Para isso, uma das palestras será do presidente do Sinduscon Petrópolis, Ricardo Francisco, que vem contribuindo com a análise sobre o impacto que a chegada de mais de três mil novos moradores vai trazer ao Vicenzo Rivetti.

A infraestrutura da região, com a pavimentação e sistema de drenagem, vai começar a ser atendida neste mês outubro – a empresa Gravisa ficará responsável pela obra. As demais contrapartidas exigidas ao município também já estão sendo preparadas pelo grupo de trabalho responsável pelos estudos relativos ao empreendimento (o colegiado é formado por secretarias de Assistência Social e Obras, Habitação e Regularização Fundiária, além da Caixa).

Encostas

O PMRR também traz outro dado importante: 47 mil pessoas moram atualmente nas 234 áreas de risco alto ou muito alto da cidade. Um dos caminhos buscados para solucionar essa questão são as obras de contenção, feitas com ajuda, por exemplo, de emendas parlamentares ao orçamento federal e do PAC das Encostas.

“A gente trata como uma das prioridades da cidade as obras de contenção, porque elas salvam vidas de petropolitanos. Mas precisamos ouvir da população sobre que outras medidas nós devemos tomar para complementar esse trabalho”, diz Ronaldo Medeiros.

Atualmente, há obras de contenção em andamento no Quitandinha, no Morin, em Itaipava e no Dr. Thouzet. A Secretaria de Obras trabalha para que outras intervenções tenham início e segue captando recursos junto à União para isso – no fim do mês passado, por exemplo, a Caixa repassou quase R$ 1 milhão de uma emenda para obras na Rua 1º de Maio, na Castelanea.

O assunto será abordado pelo gerente de projetos do Ministério das Cidades, Wolnei Wolff Barreiros. Ele tem feito visitas constantes a Petrópolis para acompanhar e fiscalizar o andamento de obras do PAC Encostas no município. A cidade possui 14 obras em três lotes do programa, que preveem investimento de R$ 60,2 milhões.

Eleição de Conselho Gestor do Fundo de Habitação

A Conferência ainda inclui na programação uma terceira palestra, sobre regularização fundiária. O diretor executivo da Câmara Metropolitana de Integração Governamental do Rio de Janeiro, Vicente Loureiro, vai tratar do assunto. Ele trabalha na área há vários anos e já atuou para Prefeitura de Petrópolis, no Rio de Janeiro e na baixada fluminense, além do governo do Estado.

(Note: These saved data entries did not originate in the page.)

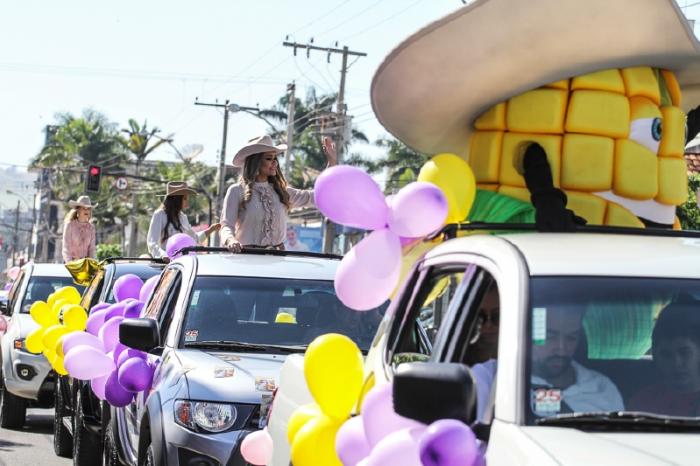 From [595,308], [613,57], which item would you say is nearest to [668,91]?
[613,57]

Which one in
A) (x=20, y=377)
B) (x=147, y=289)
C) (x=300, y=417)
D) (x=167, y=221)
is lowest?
(x=20, y=377)

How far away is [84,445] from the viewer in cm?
989

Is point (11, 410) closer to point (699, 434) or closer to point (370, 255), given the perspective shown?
point (370, 255)

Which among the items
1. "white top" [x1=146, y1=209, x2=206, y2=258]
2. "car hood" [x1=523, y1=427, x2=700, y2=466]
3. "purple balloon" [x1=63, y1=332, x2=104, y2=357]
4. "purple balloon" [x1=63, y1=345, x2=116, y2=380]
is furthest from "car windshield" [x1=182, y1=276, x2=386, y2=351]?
"white top" [x1=146, y1=209, x2=206, y2=258]

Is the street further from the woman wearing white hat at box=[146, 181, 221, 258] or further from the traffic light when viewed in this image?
the traffic light

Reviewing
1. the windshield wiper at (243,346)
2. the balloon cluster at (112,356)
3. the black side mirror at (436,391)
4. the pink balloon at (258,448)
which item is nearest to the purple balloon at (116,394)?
the balloon cluster at (112,356)

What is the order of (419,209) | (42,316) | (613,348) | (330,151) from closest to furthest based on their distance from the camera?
(613,348) < (419,209) < (330,151) < (42,316)

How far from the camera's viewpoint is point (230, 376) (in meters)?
6.93

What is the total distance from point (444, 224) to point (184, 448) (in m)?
2.26

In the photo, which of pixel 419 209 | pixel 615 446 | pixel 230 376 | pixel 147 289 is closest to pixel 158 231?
pixel 147 289

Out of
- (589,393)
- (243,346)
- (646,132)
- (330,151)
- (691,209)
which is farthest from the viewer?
(691,209)

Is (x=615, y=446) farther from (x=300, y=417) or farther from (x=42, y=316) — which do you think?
(x=42, y=316)

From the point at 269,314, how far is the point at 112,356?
142cm

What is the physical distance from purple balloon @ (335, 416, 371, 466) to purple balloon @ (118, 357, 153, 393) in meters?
3.26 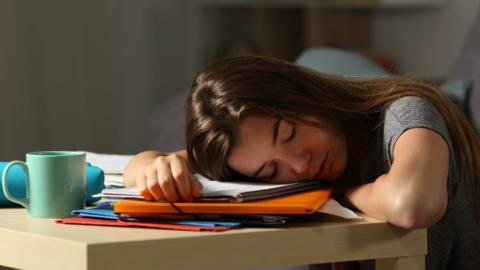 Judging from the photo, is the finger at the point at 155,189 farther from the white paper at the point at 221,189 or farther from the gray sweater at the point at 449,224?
the gray sweater at the point at 449,224

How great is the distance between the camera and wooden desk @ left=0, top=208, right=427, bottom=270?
37.8 inches

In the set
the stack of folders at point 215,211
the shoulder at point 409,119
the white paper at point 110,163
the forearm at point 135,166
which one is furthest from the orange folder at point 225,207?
the white paper at point 110,163

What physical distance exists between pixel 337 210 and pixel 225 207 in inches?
5.7

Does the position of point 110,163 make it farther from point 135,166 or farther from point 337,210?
point 337,210

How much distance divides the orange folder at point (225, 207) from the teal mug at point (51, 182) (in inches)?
4.3

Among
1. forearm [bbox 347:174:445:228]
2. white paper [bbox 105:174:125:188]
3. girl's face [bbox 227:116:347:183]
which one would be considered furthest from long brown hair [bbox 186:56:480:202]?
forearm [bbox 347:174:445:228]

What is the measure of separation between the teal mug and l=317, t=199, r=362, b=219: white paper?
1.07ft

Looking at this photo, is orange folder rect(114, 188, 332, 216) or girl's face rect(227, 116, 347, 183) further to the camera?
girl's face rect(227, 116, 347, 183)

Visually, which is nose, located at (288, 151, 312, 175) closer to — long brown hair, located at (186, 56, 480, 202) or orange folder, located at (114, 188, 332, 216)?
long brown hair, located at (186, 56, 480, 202)

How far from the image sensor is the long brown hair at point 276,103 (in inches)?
51.9

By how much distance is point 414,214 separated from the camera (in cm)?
106

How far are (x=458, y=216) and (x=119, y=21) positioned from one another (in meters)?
2.30

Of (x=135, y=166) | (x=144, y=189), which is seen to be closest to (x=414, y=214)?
(x=144, y=189)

Os palestrantes vão levantar pontos pertinentes para a discussão do relatório que será produzido pelos participantes e apresentado ao final da Conferência.

Também durante a Conferência, serão eleitos os membros do Conselho Gestor do Fundo Municipal de Habitação e Interesse Social (CGFMHIS). Desta vez, a participação da sociedade será ampliada. Além das cinco cadeiras de entidades e movimentos populares – são 10 associações de moradores concorrendo às vagas –, será criado um assento para ONGs (dois candidatos). Eles vão participar do conselho ao lado de representantes do Conselho Regional de Engenharia e Agronomia (Crea-RJ), do Sindicato da Indústria da Construção Civil de Petrópolis (Sinducon), do escritório regional da Federação das Indústrias do Rio de Janeiro (Firjan) e da Caixa.

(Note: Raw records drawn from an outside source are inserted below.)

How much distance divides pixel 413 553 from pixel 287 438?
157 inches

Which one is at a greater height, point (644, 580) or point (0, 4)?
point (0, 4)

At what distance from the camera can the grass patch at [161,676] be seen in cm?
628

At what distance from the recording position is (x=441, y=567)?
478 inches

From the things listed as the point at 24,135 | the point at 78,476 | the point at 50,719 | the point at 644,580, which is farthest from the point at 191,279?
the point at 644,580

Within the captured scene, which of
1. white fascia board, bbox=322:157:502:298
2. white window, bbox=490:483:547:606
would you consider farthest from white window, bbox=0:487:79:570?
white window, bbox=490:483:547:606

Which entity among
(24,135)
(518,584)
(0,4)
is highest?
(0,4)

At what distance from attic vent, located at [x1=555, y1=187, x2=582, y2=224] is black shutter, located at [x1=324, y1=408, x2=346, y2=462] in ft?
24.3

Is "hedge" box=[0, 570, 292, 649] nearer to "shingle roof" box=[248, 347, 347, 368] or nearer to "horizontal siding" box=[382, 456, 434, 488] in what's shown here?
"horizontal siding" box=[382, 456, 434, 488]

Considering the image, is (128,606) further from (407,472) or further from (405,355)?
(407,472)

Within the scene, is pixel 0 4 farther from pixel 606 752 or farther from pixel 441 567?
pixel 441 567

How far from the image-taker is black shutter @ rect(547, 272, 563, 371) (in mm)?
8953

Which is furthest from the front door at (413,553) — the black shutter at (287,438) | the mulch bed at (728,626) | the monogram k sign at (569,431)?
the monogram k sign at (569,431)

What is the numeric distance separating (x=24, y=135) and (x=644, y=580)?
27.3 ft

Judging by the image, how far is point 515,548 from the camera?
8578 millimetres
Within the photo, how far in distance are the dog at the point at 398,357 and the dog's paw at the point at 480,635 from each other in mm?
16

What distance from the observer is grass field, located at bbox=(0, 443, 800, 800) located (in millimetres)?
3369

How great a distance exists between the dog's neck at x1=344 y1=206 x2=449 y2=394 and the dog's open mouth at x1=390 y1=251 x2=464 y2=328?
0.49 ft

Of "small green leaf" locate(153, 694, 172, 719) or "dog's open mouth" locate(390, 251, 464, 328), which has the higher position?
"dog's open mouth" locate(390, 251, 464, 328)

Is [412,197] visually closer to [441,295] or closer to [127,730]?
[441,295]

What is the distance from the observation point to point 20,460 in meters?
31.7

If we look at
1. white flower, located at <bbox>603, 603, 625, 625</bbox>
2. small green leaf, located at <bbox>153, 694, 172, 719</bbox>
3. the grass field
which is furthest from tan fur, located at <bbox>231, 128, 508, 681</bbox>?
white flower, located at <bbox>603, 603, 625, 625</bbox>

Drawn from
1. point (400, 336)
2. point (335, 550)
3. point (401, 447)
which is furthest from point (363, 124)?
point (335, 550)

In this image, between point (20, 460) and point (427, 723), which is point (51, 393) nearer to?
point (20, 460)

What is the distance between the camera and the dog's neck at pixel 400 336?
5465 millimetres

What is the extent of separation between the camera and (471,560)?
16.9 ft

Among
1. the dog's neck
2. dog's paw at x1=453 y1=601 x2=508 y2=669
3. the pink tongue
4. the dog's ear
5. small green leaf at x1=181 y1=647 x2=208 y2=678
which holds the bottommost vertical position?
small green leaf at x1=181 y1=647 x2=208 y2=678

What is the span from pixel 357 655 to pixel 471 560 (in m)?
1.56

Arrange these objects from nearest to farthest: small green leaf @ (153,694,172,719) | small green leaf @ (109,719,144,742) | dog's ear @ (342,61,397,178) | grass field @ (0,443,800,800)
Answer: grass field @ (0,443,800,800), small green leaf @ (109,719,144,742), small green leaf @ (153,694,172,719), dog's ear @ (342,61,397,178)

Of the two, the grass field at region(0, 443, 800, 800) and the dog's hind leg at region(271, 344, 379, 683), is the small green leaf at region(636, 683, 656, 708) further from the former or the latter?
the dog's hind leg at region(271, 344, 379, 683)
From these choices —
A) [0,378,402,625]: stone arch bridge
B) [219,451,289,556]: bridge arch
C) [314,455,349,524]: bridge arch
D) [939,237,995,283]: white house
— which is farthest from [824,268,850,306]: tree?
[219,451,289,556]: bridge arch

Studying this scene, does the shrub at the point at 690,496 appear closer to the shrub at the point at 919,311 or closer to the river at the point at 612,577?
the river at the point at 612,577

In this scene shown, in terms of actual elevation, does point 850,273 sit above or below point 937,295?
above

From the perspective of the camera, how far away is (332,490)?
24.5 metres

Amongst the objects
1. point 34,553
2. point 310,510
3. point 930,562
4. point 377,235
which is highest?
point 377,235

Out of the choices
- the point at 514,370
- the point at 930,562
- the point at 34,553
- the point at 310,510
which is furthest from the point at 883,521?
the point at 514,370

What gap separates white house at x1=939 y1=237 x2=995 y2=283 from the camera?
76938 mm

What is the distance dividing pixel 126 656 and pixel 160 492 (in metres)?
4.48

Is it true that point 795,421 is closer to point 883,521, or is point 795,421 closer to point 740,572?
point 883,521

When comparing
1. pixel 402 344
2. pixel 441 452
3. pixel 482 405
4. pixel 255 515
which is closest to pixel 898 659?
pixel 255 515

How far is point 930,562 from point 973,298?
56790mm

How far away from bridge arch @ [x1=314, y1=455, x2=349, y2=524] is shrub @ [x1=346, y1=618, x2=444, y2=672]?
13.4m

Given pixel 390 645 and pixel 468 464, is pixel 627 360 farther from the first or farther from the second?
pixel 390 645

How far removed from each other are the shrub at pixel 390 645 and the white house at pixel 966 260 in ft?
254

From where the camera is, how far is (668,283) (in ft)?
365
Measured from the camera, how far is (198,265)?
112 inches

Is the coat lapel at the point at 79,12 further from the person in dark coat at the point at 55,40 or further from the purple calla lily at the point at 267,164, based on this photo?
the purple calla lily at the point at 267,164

Do lado do poder público, participam representantes do gabinete da prefeitura, das secretarias Obras, Habitação e Regularização Fundiária, de Desenvolvimento Econômico, de Meio Ambiente, de Assistência Social, da Coordenadoria de Planejamento e Gestão Estratégica, da Comdep, da Câmara, além da inclusão das pastas de Defesa Civil e Ações Voluntárias e de Serviços, Segurança e Ordem Pública.